I think it's disingenuous at best to say "Unity is by far the most widely used shell on Ubuntu, despite the depressed-hipster "can't live with unity" meme." when it is the default shell for Ubuntu. Most people don't change defaults, even if they are bad. See: Internet Explorer.
I also think it displays a complete lack of understanding of FOSS to say, "Well, I feel the same way about this as I do about McCarthyism. The people who rant about proprietary software are basically insecure about their own beliefs, and it's that fear that makes them so nastily critical. If your way of seeing the world IS genuinely more productive, effective, efficient, insightful and usable, then you should be confident that you will win in the long term, and folk who dabble in a different way of working will come to realize that you're right eventually."

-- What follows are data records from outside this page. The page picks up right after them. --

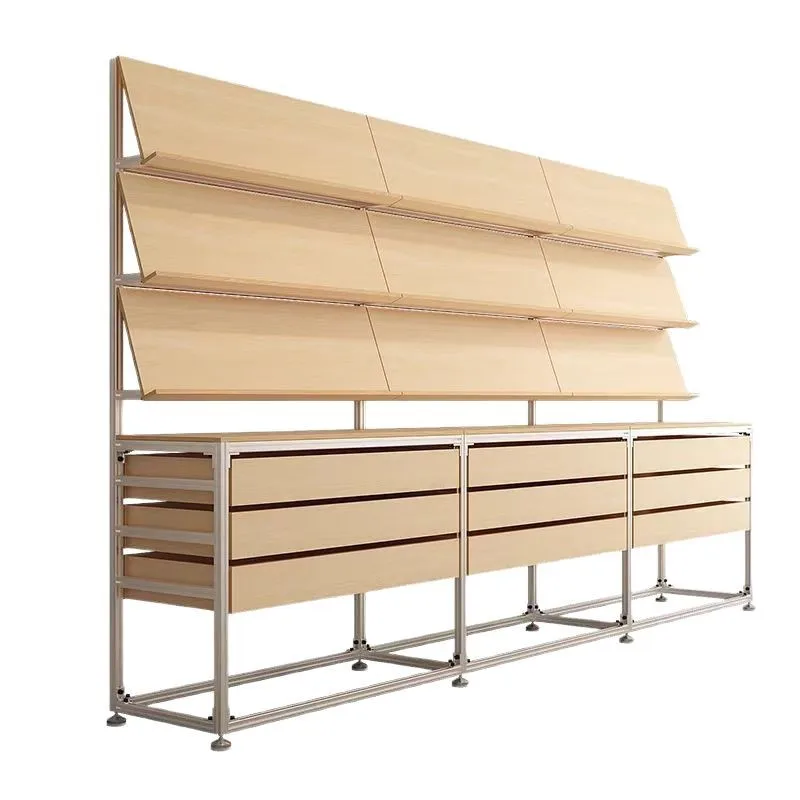 

Retro Birch Ocean Panel Aluminum Profile Display Shelf Storage Exhibition Bookshelf File Drawer Sample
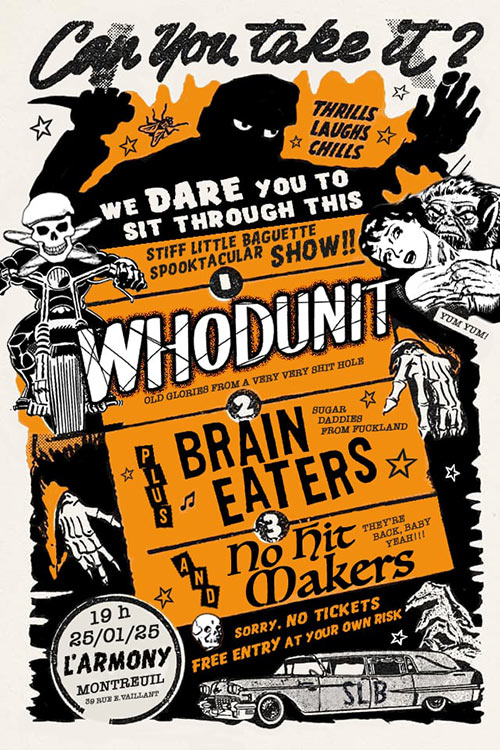 No Hit Makers + Whodunit + Brain Eaters le 25 janvier 2025 à Montreuil (93)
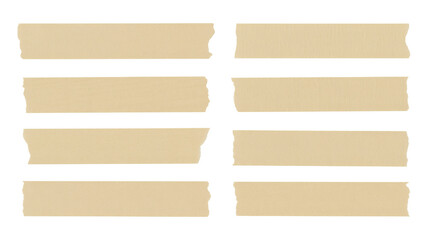 Torn Paper Strips in Beige Color on White Background in Simple Flat Design for Graphic Design
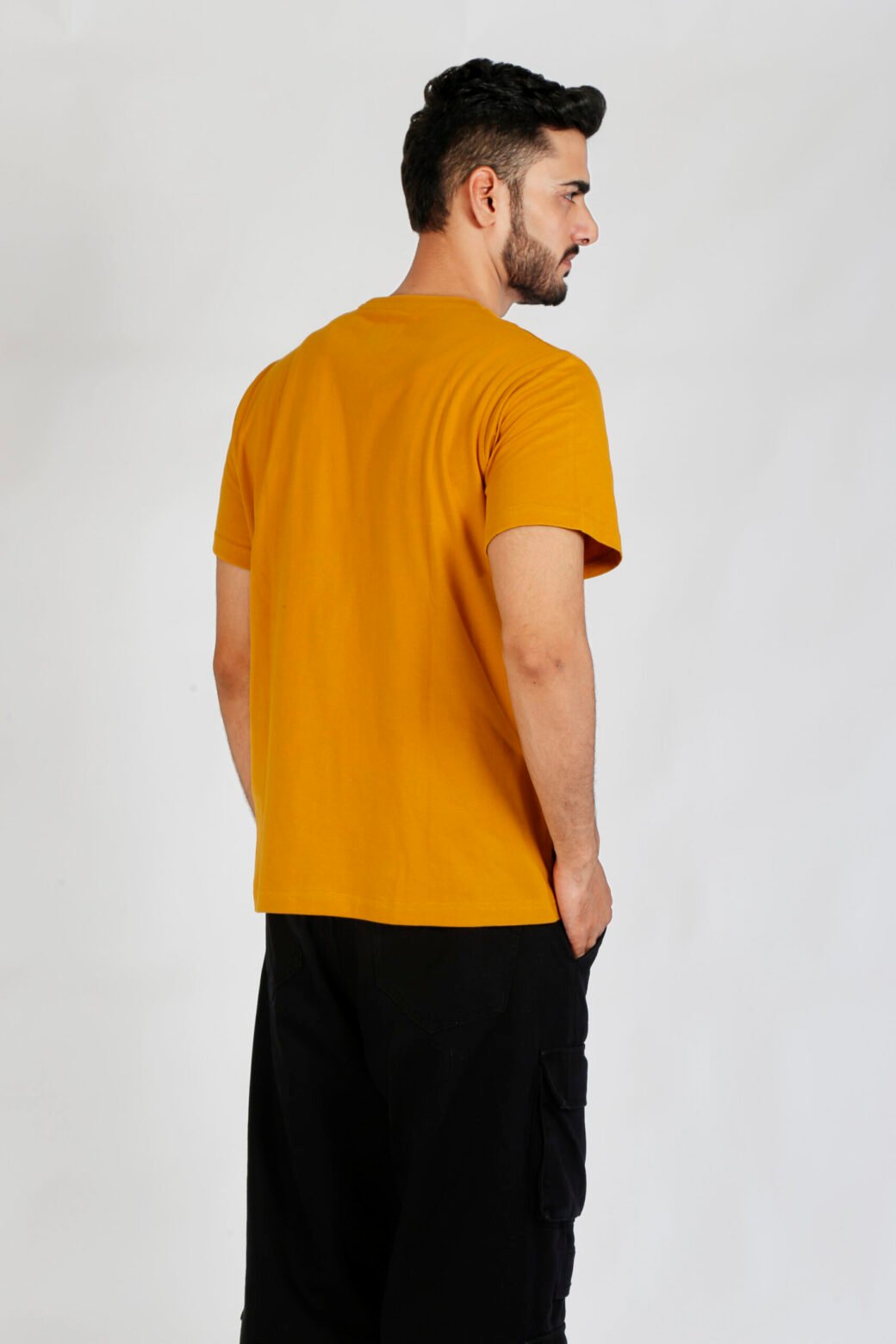 Cotton Regular Fit Mustard T-Shirt - Image 5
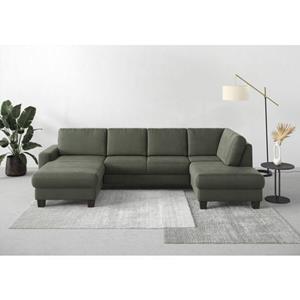 Home affaire Wohnlandschaft "Summer", mit oder ohne Bettfunktion und Bettkasten, wengefarbene Holzfüße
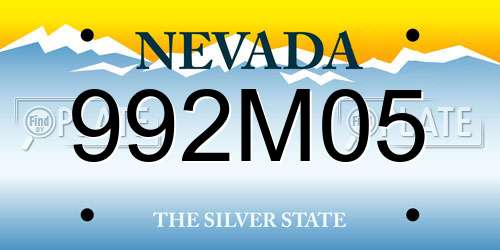 992M05 Nevada License Plate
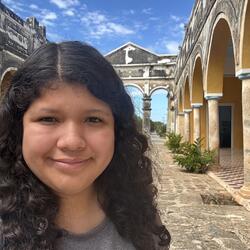 Photo of Clarissa Ramos at a hacienda in Yucatan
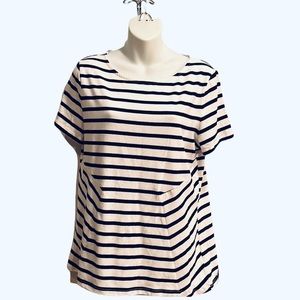 Talbots Top.  Short sleeve tee shirt black and white stripes. Size medium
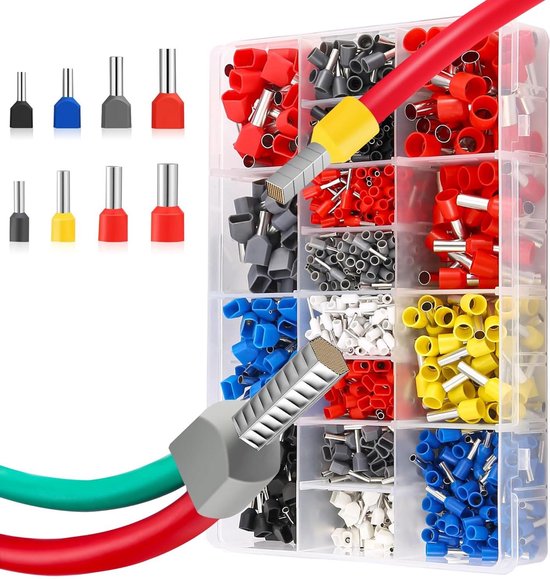 Geïsoleerde adereindhulzen set van 0.5 mm²-16 mm² - 1200 stuks - veelkleurig assortiment - twins en eenaderige hulzen van Merkloos
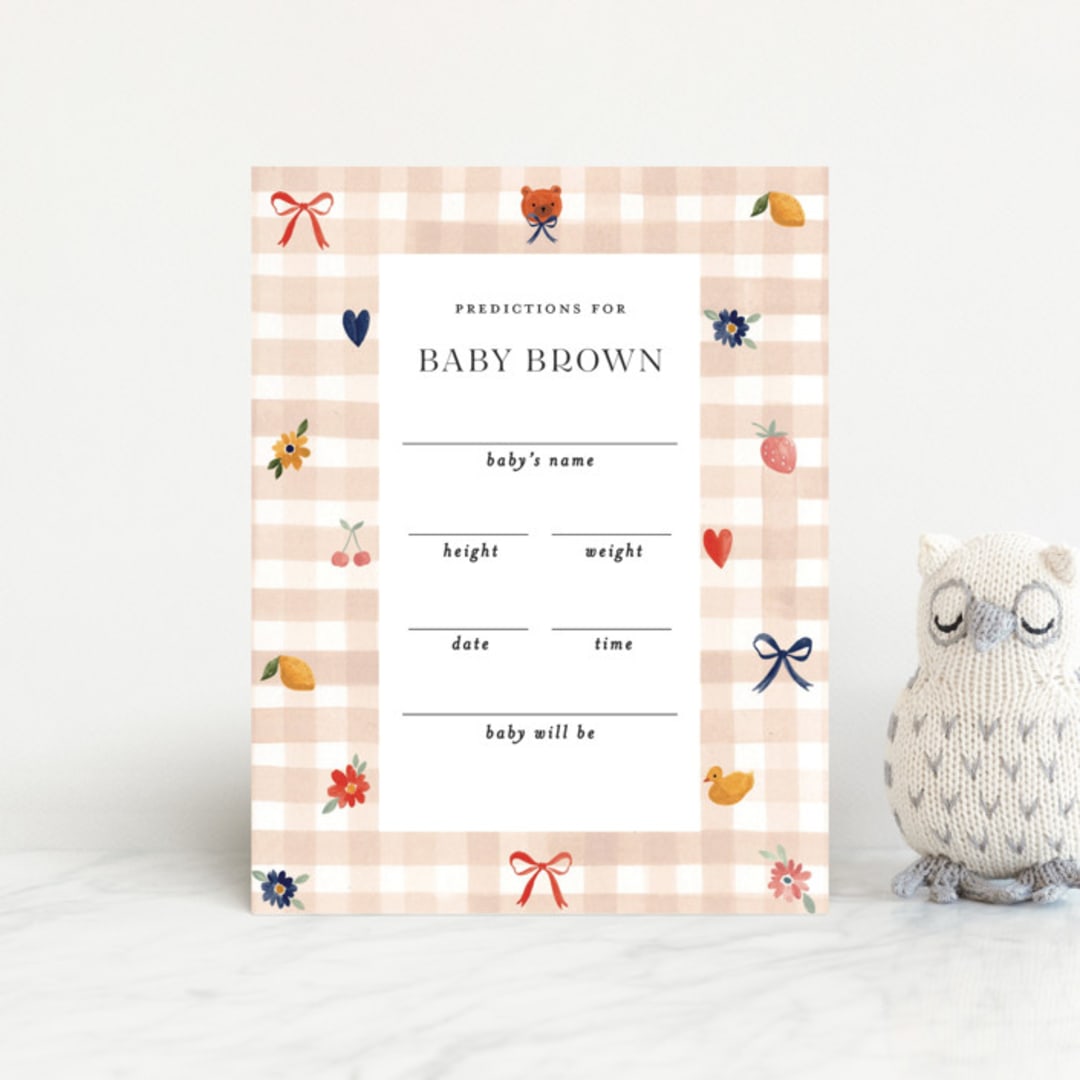 "Gingham" - Baby Shower Insert Cards in Shortbread by Sarah Knight - Front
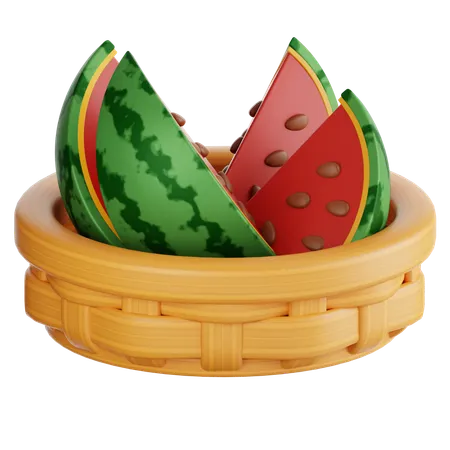 Cesta de sandia  3D Icon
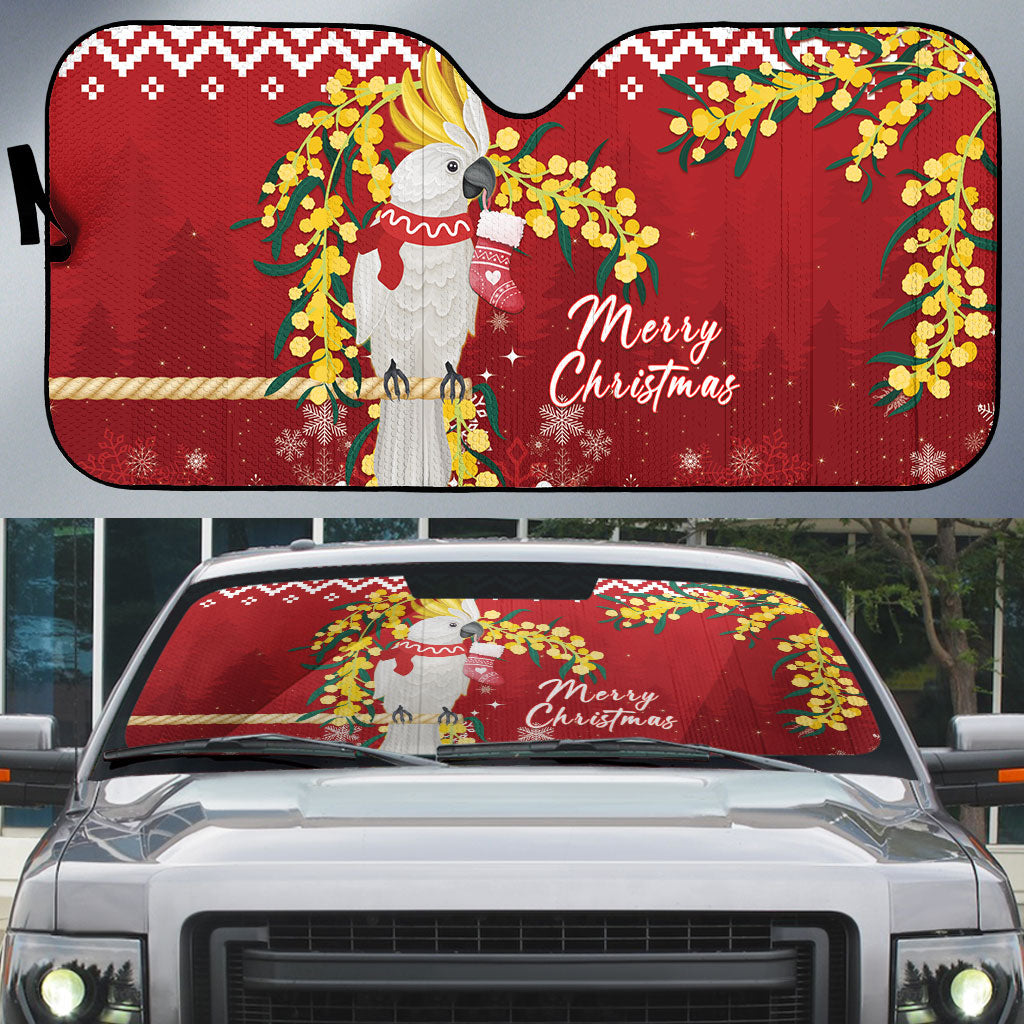 Australia Sulphur-crested Cockatoo Christmas Auto Sun Shade Aussie Golden Wattle Merry Xmas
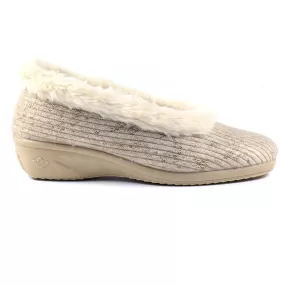 Ladies Bedroom Slippers Lunar Wedge Heel Beige Marlene KLA172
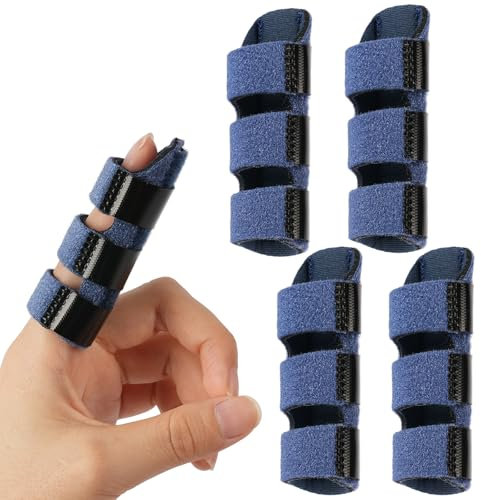 BUTBU 4 Piezas Ajustables para Dedos, Férulas Dedo Gatillo con Aluminio Incorporado, Férula Pulgar, Protector Dedo para Artritis, para Artritis, Tendinitis y Esguince de Pulgar, Azul Oscuro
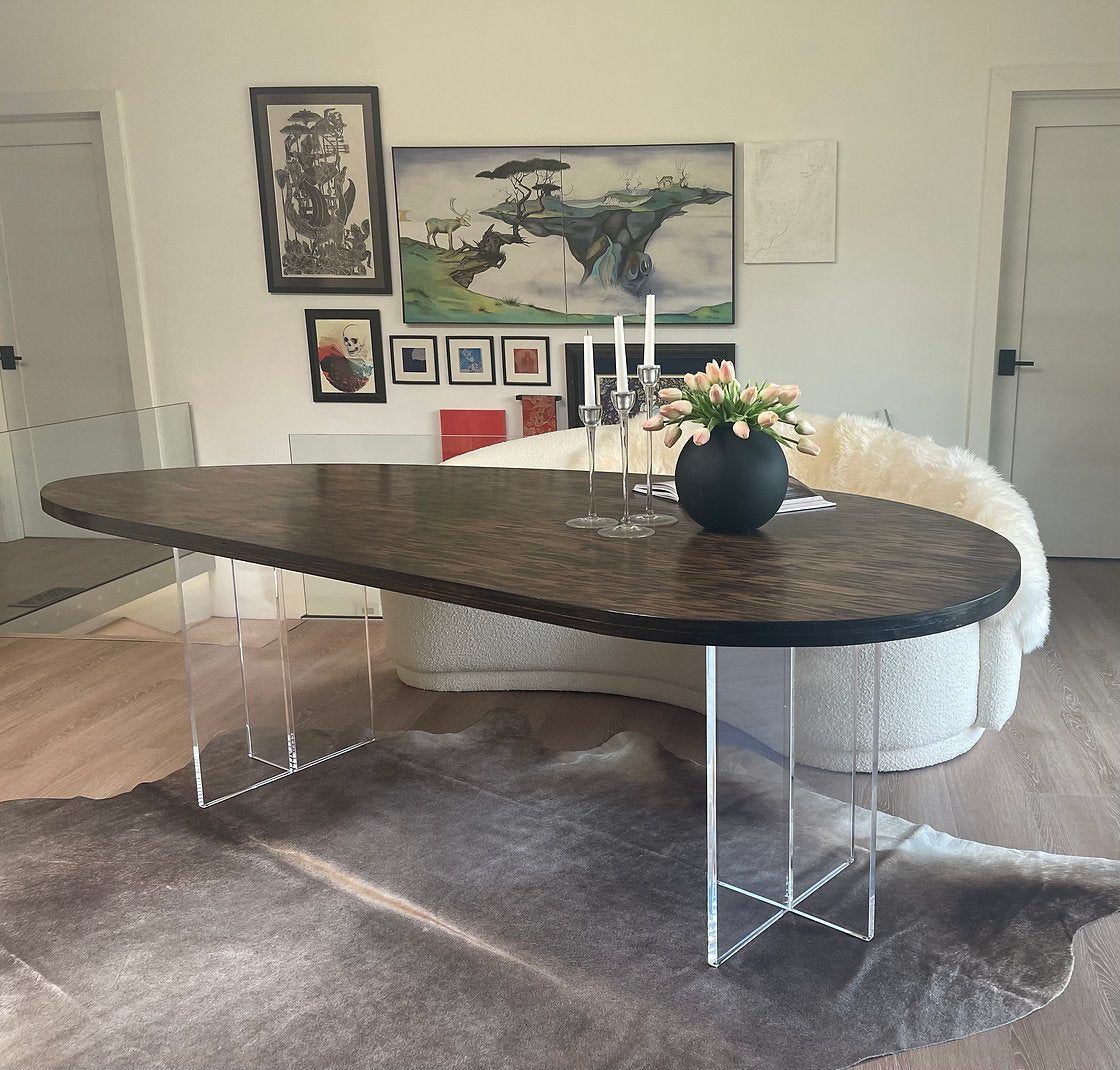 Clear acrylic table base with a t-shaped cross section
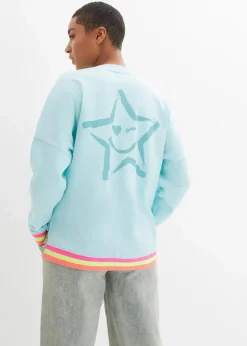 bonprix Bekleidung·Blusen & Tuniken|Sweat^Sweatshirt mint bunten Bündchen polarmint bedruckt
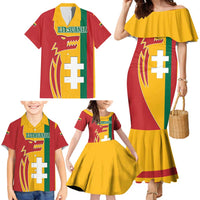 Lithuania Red Family Matching Mermaid Dress and Hawaiian Shirt with Bold Vytis Cross Design and Tricolor Flag Accents - Wonder Print Shop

Really, Mark? Here's where you're wrong: the ideology is one of control and user rights. If you're leading and you say, "this method is productive, effective, efficient, (insightful? What does it mean for a method of creating software to *itself* have insight?), and usable," but fails to recognize basic user rights, and your detractors say, "yes, but it fails to recognize basic user rights" then you're talking past them, and telling them their rights don't matter in the face of what..."progress?"
When you've got a method that puts users first, or at the very least doesn't bundle advertising spyware and beta-level UI as defaults, piggybacking on the success of what used to be the friendliest flavor of Linux, then talk about productive and efficient. Because until you're moving in the right direction, how fast and efficiently you're moving doesn't matter.